— Problem statement —
From the first line to the last, please reproduce the material exactly, skipping the pictures.

== The input

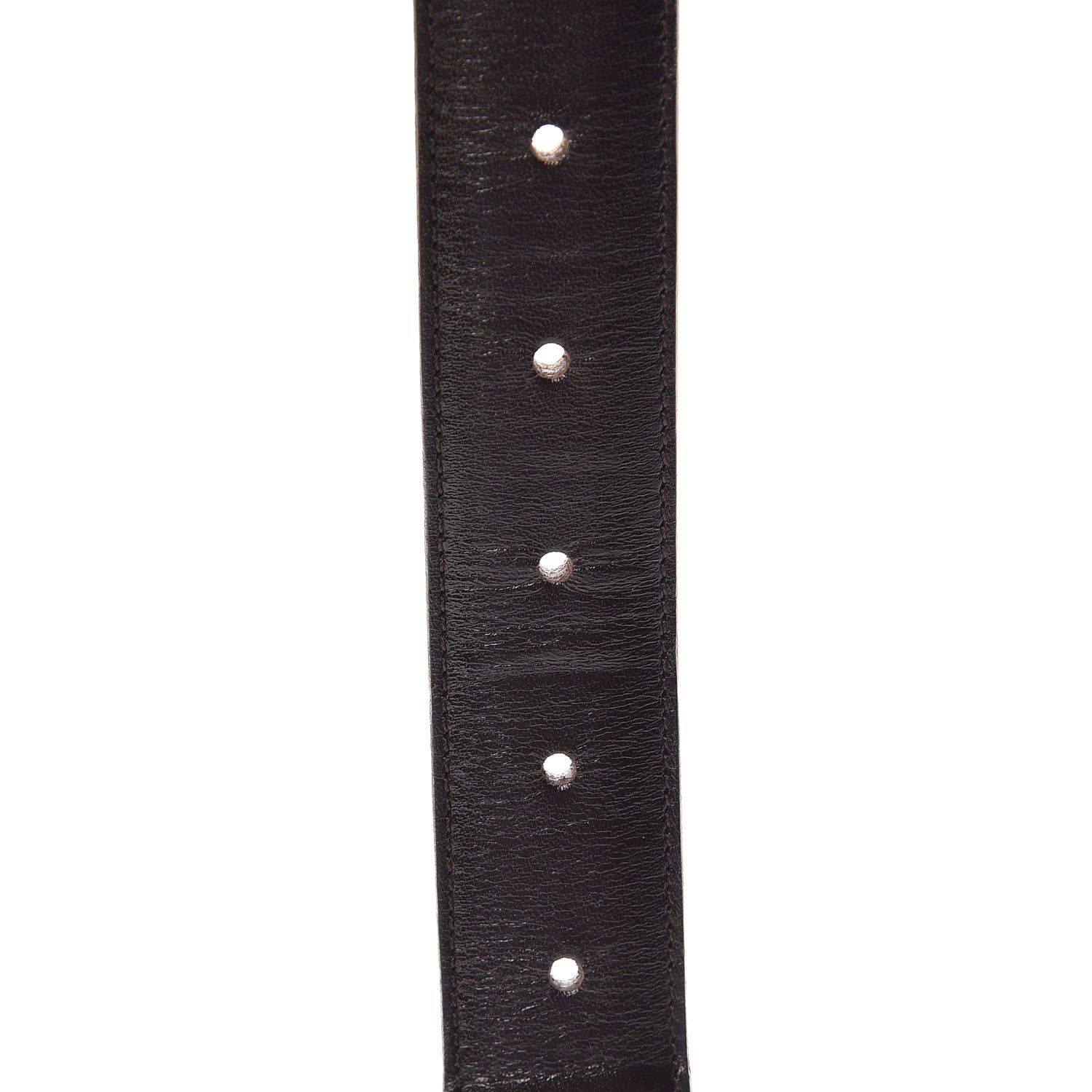 Fendi Calfskin FF Belt 100 40 Tobacco 4 of 8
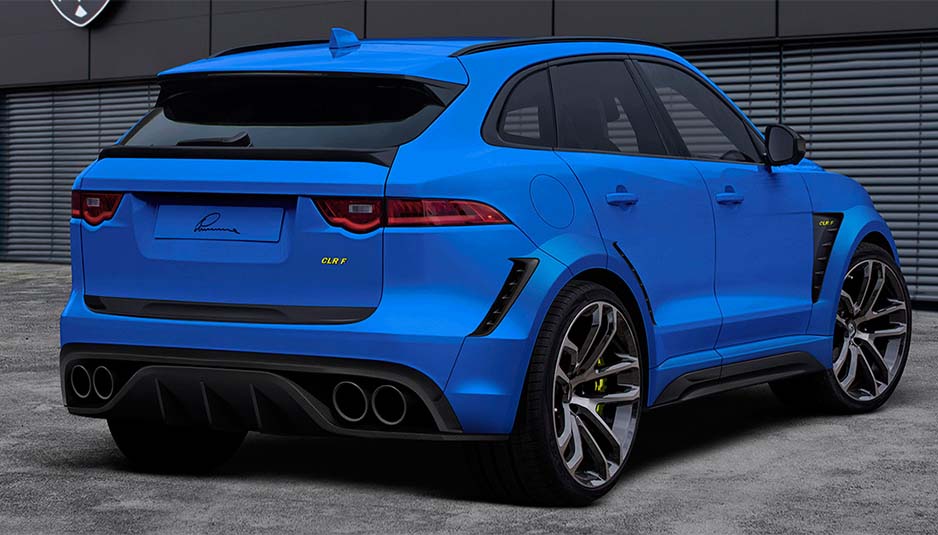 Jaguar F-Pace Lumma Design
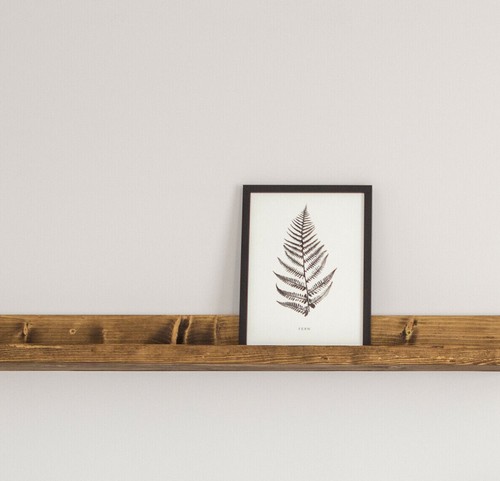 Wooden shelf floating - shelf,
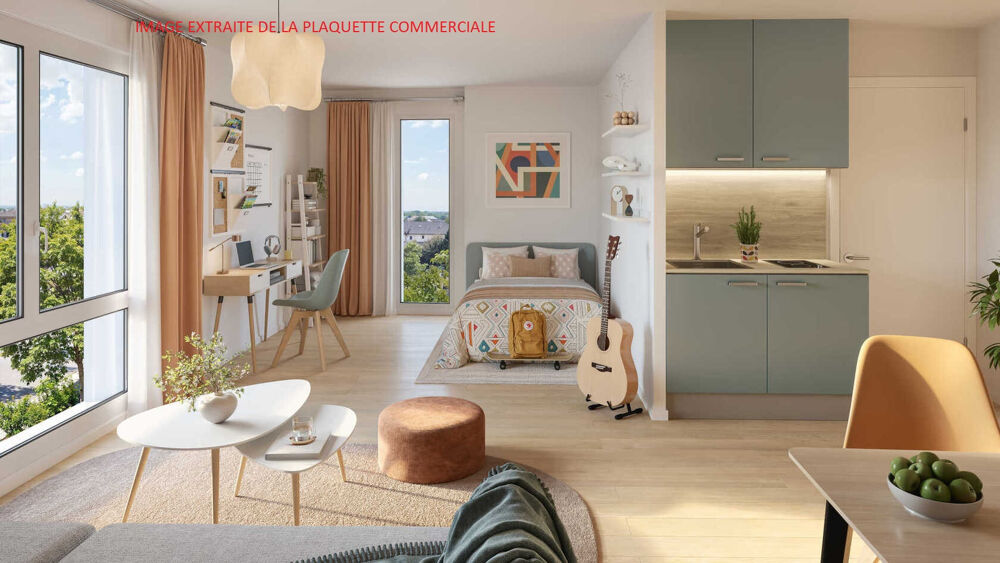 vente Appartement - 1 pièce(s) - 22 m² La Roche-sur-Yon (85000)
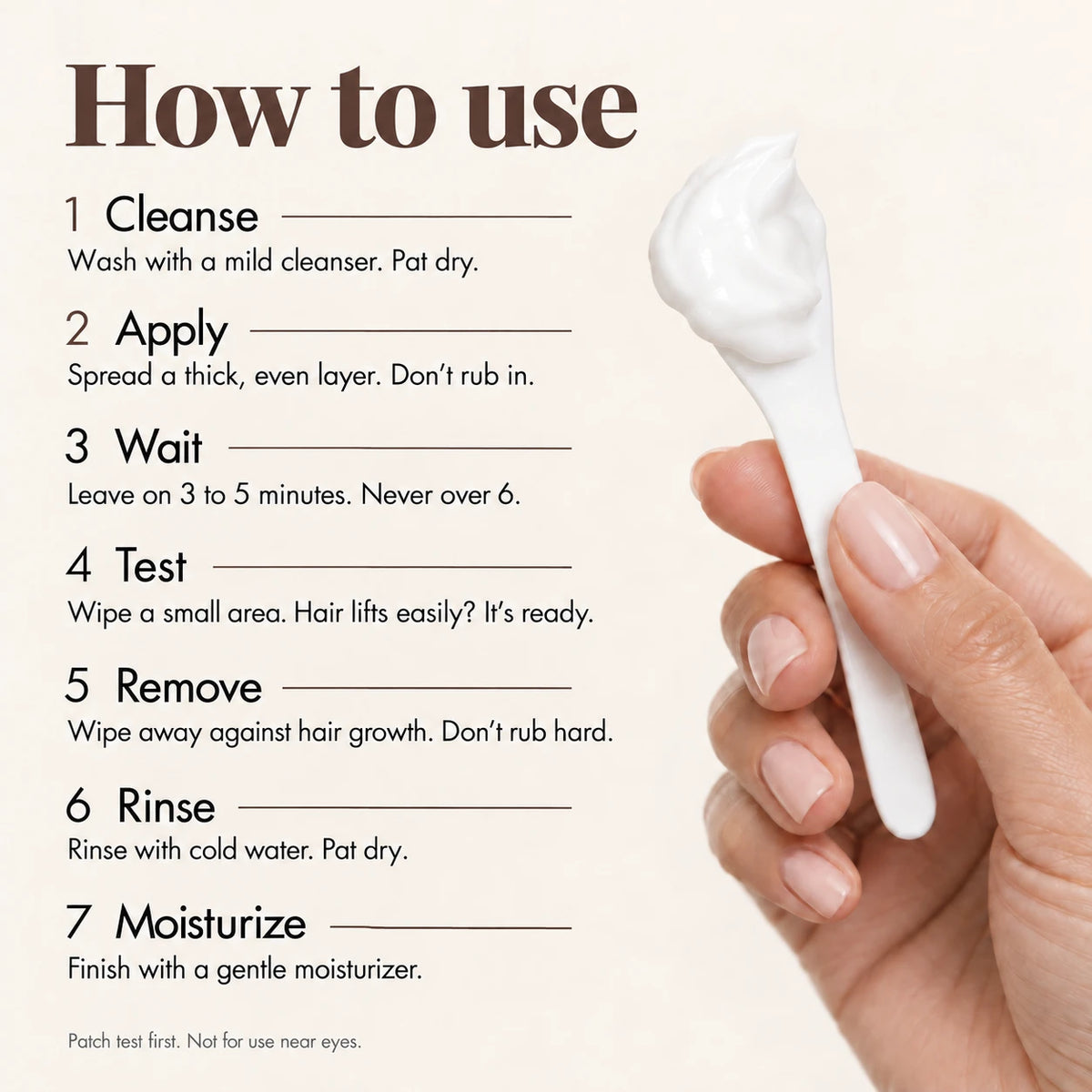 Gentle Coconut Oil Facial Hair Removal Cream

====

— The answer —
 Fendi Calfskin FF Belt 100 40 Tobacco 4 of 8
 Jaguar F-Pace Lumma Design
 Wooden shelf floating - shelf,
 vente Appartement - 1 pièce(s) - 22 m² La Roche-sur-Yon (85000)
 Gentle Coconut Oil Facial Hair Removal Cream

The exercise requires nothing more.